A few weeks ago my husband's sister recommended a series of books to me written by author Alan Bradley. Since I greatly respect her literary opinions I tried not to allow myself to be put off by the fact that the main character is an 11 year old chemistry genius with a penchant for solving crimes and goes by the name of Flavia de Luce, but really, I felt I had done my time reading about "gifted"children and their adventures by reading the Harry Potter series and seeing all the Potter related movies as well. I even watched a movie about the author, J. K. Rowling herself, as well as a documentary on the making of the various films and their diverse group of directors. As far as "child related" literature for adults, was this insufficient??

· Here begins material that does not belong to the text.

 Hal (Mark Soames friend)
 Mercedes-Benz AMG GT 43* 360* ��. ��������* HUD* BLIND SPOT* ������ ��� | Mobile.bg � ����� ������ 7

Apparently so, because just over a week ago one of my husband's colleagues presented me with a rather large carry bag, on loan and stacked full of the first 7 Bradley books about the notorious Flavia! (apparently the author will pen a total of 10 books in this series and has signed a deal for a movie or tv series of some sort as well)
I am nearly finished reading the first one in the bag: "The Sweetness at the Bottom of the Pie". I am happy to admit I am thoroughly enjoying it! The character of Flavia is precocious without being completely unrealistic, she truly is a chemistry genius and reading about her experiments is both hilarious and educational. I am hoping that the rest of the crimes/mysteries she has to solve in subsequent books are more difficult to figure out the solution to than this one, but even if they are not I will so enjoy reading about them. Although Flavia is a bit of a scientific genius she is still in many ways just an 11 year old girl, which keeps the story grounded in a comfortable spot stradding reality and fantasy. Bradley writes in an attention getting and keeping manner. He knows how to utilize literary hooks without being redundant by not using them at the end of every chapter.
My husband's sister tells me that there are a couple of books in the middle of the series that she found to be somewhat below standard, as if the author was rushing to meet publication deadlines, but that they are still enjoyable. I look forward to comparing notes with her as I read through the series. I think, since the books are on loan to me, I will read them one right after the other until I am done. That will give me the best overview of the characters who, so far, particularly those who are part of Flavia's immediate family (2 sisters and a father) are quite interesting in their own right.